I just learned about the RCM. I am trying to solve a problem that is a result of fluid dynamics and chemistry so I have a very large sparse matrix. I also learned reducing the bandwidth would accelerate the solver.
How do I know that the Matrix reordered matrix A in the system Ax=b will yield the same x vector as in the original A ?
I played a bit with Octave and Matlab to test it, but I don't see that is the case. So, I must understood something wrong, or did something wrong. Can someone here shed some light on the subject?
Well, it seems the answer is YES, but I don't know how to do it.
Here is an example done with octave:
Ny=900; Nx=900; ex = ones(Nx,1); Axx = spdiags([ex -2*ex ex], -1:1, Nx, Nx); Ix = speye(Nx); ey = ones(Ny,1); Ayy = spdiags([ey -2*ey ey], -1:1, Ny, Ny); Iy = speye(Ny); A = kron(Axx,Iy)+kron(Ix,Ayy); C=symrcm (A); %this is the actual RCM % just to visualize things spy (A) spy (A(C,C)) b=ones(900,1); % store the permutated matrix Amut= (A(C,C)); % solve and compare x=A\b; xmut=Amut\b; x==xmut % results in avector full of zeros, e.g. False.

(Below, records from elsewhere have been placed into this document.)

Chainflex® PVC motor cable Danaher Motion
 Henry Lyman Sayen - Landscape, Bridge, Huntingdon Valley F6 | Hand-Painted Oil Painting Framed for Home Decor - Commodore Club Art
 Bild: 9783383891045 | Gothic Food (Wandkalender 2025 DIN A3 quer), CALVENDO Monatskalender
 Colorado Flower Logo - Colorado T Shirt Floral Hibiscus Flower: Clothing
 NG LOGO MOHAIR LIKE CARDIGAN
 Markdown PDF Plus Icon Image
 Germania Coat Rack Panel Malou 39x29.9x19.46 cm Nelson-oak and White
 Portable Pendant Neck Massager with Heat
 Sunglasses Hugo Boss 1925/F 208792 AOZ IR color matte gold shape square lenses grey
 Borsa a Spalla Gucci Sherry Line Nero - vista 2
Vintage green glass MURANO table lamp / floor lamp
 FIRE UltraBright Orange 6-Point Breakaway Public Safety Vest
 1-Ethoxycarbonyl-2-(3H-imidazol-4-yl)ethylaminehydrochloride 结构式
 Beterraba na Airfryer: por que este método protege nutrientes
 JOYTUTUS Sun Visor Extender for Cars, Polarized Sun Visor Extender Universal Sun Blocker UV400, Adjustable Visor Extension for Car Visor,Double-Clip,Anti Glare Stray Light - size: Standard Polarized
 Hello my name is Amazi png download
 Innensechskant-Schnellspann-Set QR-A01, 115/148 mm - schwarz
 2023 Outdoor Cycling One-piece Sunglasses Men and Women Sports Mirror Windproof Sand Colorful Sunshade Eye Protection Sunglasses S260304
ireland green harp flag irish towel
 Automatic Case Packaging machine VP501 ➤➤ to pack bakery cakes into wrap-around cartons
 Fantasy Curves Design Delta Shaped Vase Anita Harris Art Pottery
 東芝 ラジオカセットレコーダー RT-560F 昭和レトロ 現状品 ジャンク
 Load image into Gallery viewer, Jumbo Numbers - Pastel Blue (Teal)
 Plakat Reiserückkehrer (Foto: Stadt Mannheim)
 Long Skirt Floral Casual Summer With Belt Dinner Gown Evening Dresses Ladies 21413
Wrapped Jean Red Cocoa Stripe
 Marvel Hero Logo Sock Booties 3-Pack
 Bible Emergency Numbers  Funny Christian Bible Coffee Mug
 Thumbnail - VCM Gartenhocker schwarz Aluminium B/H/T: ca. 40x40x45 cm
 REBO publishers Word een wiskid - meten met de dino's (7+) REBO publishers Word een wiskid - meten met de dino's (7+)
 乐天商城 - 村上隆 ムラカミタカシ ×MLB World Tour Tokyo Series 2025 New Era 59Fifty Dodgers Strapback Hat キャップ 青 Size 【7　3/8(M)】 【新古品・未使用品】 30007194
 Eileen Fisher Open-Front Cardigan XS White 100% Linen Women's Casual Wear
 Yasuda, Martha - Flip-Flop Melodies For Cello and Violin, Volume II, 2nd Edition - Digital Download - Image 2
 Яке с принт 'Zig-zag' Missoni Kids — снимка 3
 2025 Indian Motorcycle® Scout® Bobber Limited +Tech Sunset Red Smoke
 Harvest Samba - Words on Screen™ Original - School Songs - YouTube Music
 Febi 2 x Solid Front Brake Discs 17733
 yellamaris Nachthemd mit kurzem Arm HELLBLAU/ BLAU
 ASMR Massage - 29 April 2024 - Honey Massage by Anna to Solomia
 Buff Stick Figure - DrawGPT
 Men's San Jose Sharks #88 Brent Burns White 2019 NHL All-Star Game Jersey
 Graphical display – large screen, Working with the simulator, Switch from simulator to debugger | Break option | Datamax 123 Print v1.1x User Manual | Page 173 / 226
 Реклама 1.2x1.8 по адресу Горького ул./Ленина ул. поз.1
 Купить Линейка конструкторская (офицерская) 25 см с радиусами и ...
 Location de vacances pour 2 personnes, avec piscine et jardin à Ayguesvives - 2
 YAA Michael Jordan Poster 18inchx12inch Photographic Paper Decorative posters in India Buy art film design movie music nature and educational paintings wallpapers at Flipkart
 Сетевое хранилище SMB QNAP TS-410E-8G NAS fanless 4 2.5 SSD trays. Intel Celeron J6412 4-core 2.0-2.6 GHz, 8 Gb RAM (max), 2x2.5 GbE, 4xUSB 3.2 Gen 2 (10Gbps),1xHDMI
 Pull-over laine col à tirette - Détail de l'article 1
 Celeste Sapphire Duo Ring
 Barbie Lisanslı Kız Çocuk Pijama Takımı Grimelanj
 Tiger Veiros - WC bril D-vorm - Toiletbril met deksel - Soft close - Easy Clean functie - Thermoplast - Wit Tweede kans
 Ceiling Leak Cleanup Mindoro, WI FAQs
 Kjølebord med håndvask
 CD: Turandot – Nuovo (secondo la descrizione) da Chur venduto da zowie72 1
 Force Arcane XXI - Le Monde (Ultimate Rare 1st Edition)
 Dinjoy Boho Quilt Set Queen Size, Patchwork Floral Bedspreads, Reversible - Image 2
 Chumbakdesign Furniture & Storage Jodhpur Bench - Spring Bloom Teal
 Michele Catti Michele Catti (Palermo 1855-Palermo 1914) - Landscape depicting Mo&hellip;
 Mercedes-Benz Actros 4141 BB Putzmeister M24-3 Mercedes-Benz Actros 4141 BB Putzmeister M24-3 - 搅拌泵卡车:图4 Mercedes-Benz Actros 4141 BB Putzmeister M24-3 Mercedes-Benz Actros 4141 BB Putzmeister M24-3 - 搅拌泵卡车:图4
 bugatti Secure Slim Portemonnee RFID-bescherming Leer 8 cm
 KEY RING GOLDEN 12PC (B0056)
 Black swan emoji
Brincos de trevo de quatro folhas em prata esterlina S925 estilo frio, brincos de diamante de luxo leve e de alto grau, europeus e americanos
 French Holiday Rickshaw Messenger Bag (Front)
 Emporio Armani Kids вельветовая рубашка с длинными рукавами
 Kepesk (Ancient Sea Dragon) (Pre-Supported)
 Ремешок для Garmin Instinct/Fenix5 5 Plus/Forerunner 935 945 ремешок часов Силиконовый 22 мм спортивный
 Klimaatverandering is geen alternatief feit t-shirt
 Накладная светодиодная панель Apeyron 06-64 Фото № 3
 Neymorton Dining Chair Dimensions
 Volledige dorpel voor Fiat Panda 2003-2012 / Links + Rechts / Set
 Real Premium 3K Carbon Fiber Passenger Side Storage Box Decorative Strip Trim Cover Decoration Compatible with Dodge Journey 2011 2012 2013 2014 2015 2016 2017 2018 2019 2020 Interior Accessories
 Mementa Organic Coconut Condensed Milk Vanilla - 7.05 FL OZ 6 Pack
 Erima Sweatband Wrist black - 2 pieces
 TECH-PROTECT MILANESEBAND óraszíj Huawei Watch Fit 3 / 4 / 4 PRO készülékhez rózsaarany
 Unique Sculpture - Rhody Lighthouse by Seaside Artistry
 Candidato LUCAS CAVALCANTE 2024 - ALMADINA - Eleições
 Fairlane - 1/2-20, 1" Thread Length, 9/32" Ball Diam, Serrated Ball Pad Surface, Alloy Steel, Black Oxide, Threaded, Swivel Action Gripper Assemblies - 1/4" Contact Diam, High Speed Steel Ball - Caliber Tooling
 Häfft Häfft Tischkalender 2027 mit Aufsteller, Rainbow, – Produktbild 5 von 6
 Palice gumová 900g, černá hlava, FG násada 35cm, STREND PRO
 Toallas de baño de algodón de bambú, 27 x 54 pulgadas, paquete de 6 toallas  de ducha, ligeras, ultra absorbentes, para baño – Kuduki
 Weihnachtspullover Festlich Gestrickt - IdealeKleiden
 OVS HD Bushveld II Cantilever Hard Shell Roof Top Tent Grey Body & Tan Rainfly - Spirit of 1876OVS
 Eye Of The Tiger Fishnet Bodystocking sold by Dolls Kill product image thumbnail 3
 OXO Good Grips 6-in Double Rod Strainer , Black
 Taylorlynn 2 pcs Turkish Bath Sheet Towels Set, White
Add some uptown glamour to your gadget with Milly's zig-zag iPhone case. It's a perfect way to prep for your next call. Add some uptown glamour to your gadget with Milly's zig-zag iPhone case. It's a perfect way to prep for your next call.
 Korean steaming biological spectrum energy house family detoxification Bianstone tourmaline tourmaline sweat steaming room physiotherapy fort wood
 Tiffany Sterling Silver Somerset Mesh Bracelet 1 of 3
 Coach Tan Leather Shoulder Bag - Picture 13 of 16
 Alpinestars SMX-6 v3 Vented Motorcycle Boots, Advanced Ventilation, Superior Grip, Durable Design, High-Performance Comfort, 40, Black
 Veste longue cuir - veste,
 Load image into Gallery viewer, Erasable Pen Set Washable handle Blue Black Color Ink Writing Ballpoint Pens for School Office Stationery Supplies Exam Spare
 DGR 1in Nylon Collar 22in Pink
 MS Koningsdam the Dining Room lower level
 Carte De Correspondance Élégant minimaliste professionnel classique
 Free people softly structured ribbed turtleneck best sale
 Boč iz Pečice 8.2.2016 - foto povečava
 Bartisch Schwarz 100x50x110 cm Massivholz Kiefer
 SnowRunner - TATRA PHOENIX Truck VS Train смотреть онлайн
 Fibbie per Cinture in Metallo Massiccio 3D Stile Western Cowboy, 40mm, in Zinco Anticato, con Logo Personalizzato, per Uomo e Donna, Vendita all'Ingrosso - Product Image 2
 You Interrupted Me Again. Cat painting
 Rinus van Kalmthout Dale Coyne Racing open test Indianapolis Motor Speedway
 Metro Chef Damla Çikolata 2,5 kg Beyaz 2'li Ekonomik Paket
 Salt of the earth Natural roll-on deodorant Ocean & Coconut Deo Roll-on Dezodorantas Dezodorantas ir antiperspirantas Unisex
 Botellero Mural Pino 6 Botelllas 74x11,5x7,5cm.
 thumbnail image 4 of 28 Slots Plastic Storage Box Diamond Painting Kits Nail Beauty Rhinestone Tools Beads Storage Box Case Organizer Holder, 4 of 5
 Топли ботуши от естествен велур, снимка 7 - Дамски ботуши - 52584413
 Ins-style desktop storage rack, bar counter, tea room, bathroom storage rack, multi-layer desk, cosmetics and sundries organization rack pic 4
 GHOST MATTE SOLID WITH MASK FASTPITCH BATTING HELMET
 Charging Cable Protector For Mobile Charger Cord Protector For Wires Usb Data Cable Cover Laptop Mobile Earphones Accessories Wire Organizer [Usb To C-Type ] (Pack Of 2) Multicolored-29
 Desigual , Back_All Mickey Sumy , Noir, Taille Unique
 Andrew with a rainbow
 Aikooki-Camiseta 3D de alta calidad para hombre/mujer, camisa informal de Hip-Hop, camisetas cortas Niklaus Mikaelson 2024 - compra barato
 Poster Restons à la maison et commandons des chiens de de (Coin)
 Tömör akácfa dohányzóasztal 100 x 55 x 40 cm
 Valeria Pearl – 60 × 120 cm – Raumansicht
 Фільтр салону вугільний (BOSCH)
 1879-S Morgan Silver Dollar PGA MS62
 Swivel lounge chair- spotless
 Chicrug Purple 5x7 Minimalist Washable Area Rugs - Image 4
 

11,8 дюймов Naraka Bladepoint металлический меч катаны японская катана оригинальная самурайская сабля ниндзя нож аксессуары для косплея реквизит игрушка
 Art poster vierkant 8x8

So how do I permutate my xmut to be x again ? it seems the individual entries are correct, but not in the right order.
It seems that the values in the vectors are equal if I do that:
octave:136>r1=x(C) % permutate x ... octave:138> xmut(1:10) ans = -2.0039 -3.5078 -3.5078 -4.7093 -6.3179 -4.7093 -5.7014 -8.6281 -8.6281 -5.7014 octave:139> r1(1:10) ans = -2.0039 -3.5078 -3.5078 -4.7093 -6.3179 -4.7093 -5.7014 -8.6281 -8.6281 -5.7014 octave:140> isequal(r1(1:10),xmut(1:10)) ans = 0
SO I think the answer is YES, I still need to find how to compare the vectors...
So the final answer: octave:144> r1-xmut
yields only numbers like -1.3323e-15, -4.4409e-16 which practically can be treated as zero because of the floating points limitations. Which means my vectors are the same. Which is what I wanted to find out.